Architect and academician Rupali Gupte, in a paper by her, Rahul Mehrotra, and Prasad Shetty, notes that, instead of viewing Indian architecture through a simple global-versus-local lens, a deeper analysis reveals multiple, fluid identities that continuously evolve. Contemporary Indian architecture negotiates complex cultural terrain, creating simultaneous overlapping identities. This approach, showcasing changes in societal aspirations, offers a crisp understanding of the relationship between architecture and Indian identity, rather than reducing it to purely “global” or “local” categories. Embracing this pluralistic view captures India’s true architectural identity.

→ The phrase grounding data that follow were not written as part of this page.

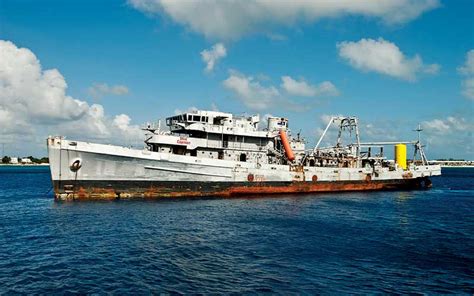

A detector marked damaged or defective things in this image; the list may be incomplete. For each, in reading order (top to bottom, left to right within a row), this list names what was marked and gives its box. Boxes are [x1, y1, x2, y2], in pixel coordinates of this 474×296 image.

corroded hull [53, 178, 432, 201]
rusty derelict ship [46, 110, 442, 200] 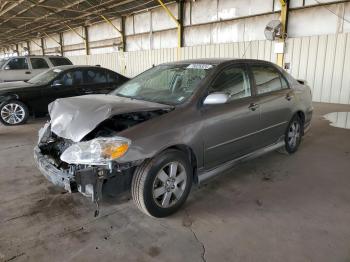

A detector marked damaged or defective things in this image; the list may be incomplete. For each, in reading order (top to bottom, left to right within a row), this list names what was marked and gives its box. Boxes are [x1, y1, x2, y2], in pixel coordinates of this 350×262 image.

crumpled hood [48, 94, 172, 142]
broken headlight [60, 137, 131, 166]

While Aneesha Dharwadker, architect and Founder of Chicago Design Office, says,

“I think contemporary Indian architects are participating in the creation of a ‘warm’ modernism that engages India’s long cultural history without falling into a trap of mimicry. We see quotidian elements like the verandah, jaali, window, stair, and courtyard being re-articulated in new construction projects, for instance. But, Indianness in architecture has been a collage of movements like Dravidian, Islamic, Colonial, Post-Independence Modernism, etc. None of them can be ignored in the longer lineage of Indian architectural identity.”

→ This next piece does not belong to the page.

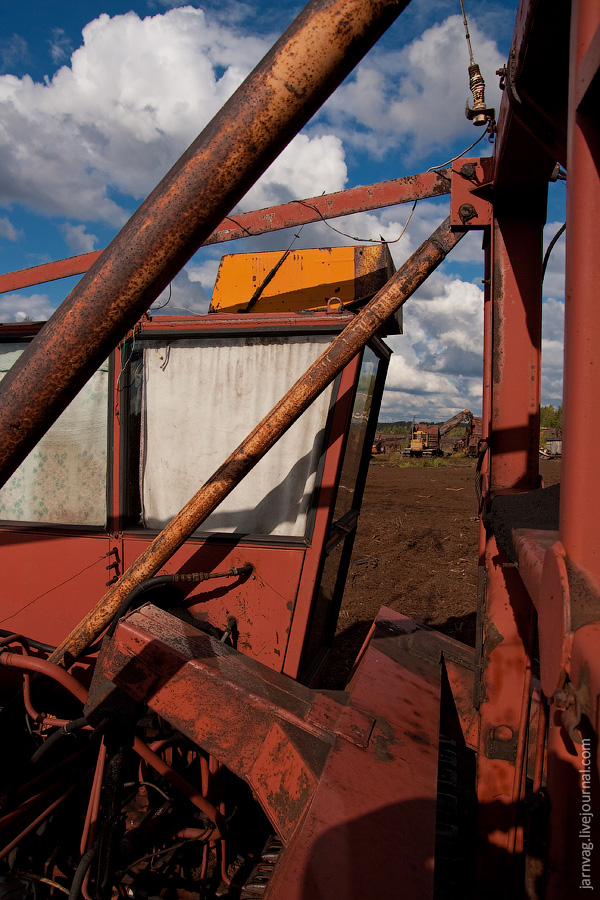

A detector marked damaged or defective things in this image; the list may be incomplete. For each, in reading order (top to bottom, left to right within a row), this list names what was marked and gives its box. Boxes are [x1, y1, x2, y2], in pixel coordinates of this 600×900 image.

rusty metal pipe [0, 0, 410, 492]
rusted frame [0, 0, 410, 492]
rusted frame [0, 171, 450, 294]
rusty metal pipe [51, 218, 464, 668]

Aneesha’s perception of Indianness is of a collage of India’s rich history, and she hopes that a sensitivity to the human scale defines future Indian architecture.

In my research and conversations with numerous architects, examining perspectives from the past century, it is evident that architecture in India encompasses diverse and equally significant traits and that Indian architecture essentially reflects the nation’s cultural diversity. It is by default self-reliant, always responding to its context and climate. Indianness manifests in myriad ways: whether as a collage of its history, a definition through its characteristics (lakshanas) rather than a single aesthetic, a productive tension between global and local paradigms, or as a symbol of freedom from colonial constraints.

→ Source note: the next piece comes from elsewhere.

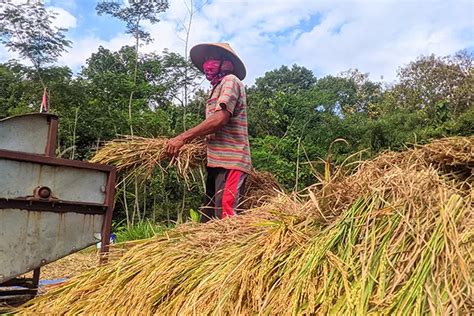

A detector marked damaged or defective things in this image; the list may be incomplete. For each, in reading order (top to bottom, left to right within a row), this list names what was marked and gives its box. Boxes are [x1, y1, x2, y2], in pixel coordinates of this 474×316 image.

rusty metal panel [0, 114, 57, 155]
rusty metal panel [0, 158, 107, 205]
rusty metal panel [0, 209, 103, 282]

Acceptance of this Indianness then throws light on the practice of architectural propaganda through immoral intent for political gain. That urgent subtext is gradually becoming crystal-clear. The objectives behind the modern structures require further questioning.

The critical question may not be about defining Indianness, but about its future trajectory and what it should NOT evolve into.

Echoing Achyut Kanvinde’s words, in India, the search for a new architectural expression must continue, for the answer to this search reveals more than what meets the eye. Architecture should refuse to serve single-minded agendas; instead, it should interrogate the ethical and moral foundations of these agendas. Indian architecture does not need ethnonationalism disguised as Swadeshi consciousness. 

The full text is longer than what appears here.